That extra cell is deliberate. The relaxation stencil needs one ghost cell per boundary, and by keeping two, each rank can run relaxation locally on the first ghost cell without waiting for a second round of communication. The result: one MPI_Sendrecv pair per storm instead of two, halving inter-node traffic.

Within each rank, OpenMP threads parallelize the bombardment inner loop. But raw threading isn’t enough — the particle data arrives in Array-of-Structures format (position and energy interleaved), which blocks auto-vectorization. Before the main loop, I transpose it to Structure-of-Arrays: separate contiguous arrays for positions, energies, and precomputed influence radii. GCC then auto-vectorizes the bombardment kernel with AVX2 (8 floats per cycle), and the kernel stays branchless — out-of-range contributions are masked with an integer multiplier rather than a conditional branch, keeping SIMD lanes full.

The last CPU-specific decision was NUMA-aware initialization.
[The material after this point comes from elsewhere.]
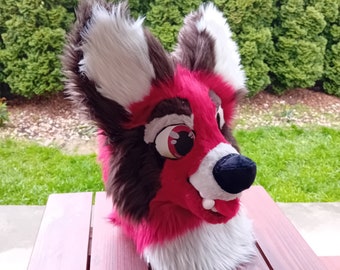 Premade red fox fursuit head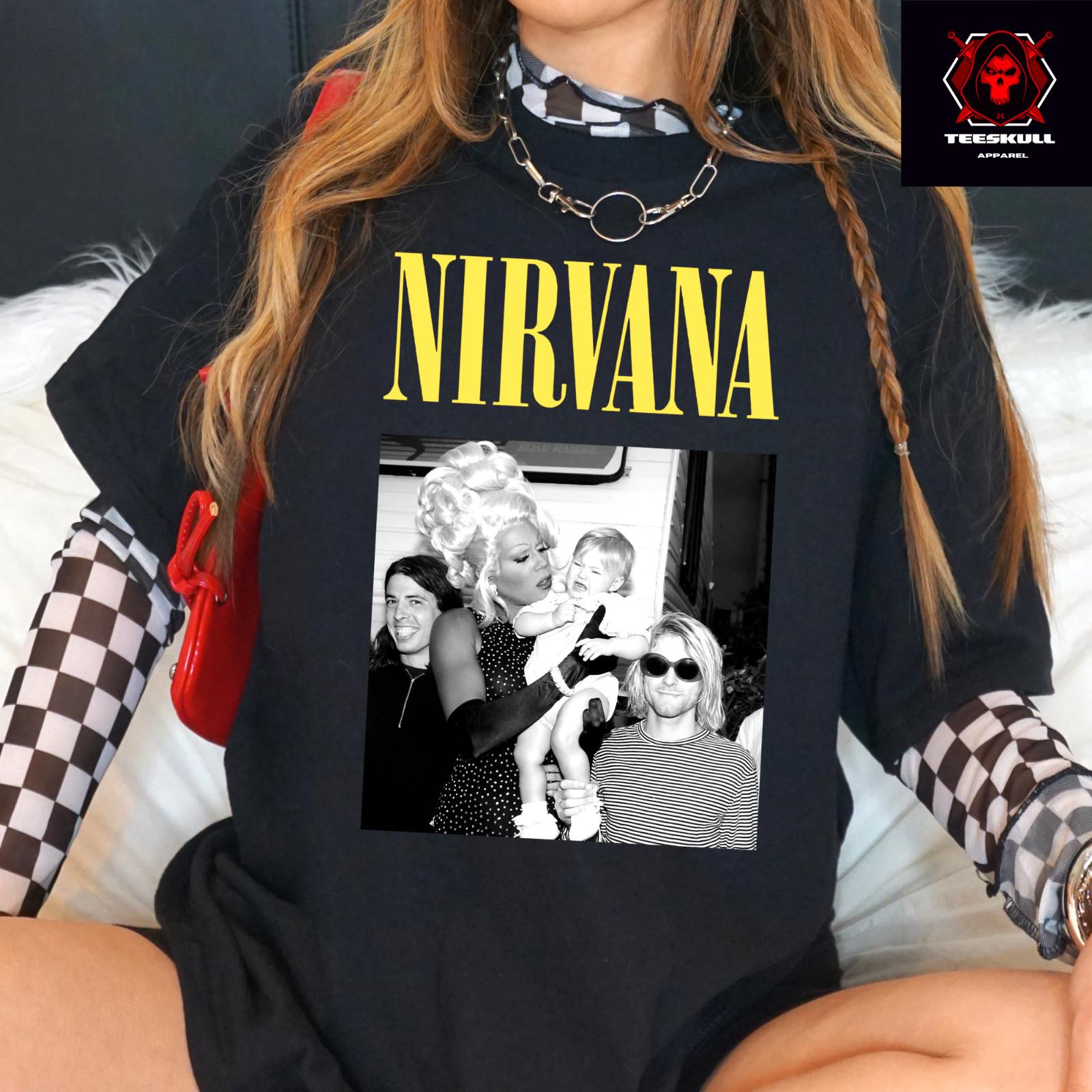

26 Nirvana Heavy Metal Rock Band Unisex Heavy Cotton Quality T-SHIRT S-3XL Unisex T-Shirt L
The cluster nodes are dual-socket AMD EPYC 7301 systems with 8 NUMA domains. If all buffers are initialized on a single thread, Linux allocates the memory on one NUMA node and all subsequent accesses from other sockets pay remote-memory latency. Initializing inside the same schedule(static) parallel region used during computation forces Linux’s first-touch policy to distribute the 400 MB working set across all 8 memory controllers — effectively multiplying available DRAM bandwidth.

Peak result: 21.08× speedup on 64 physical cores (8 ranks × 8 threads).

The GPU path: CUDA

The GPU implementation looks different at every level, starting with the kernel structure. A naive approach launches three separate kernels per storm (one per phase), each requiring a full VRAM round-trip. Instead, all three phases are fused into a single kernel that keeps intermediate values in registers and shared memory.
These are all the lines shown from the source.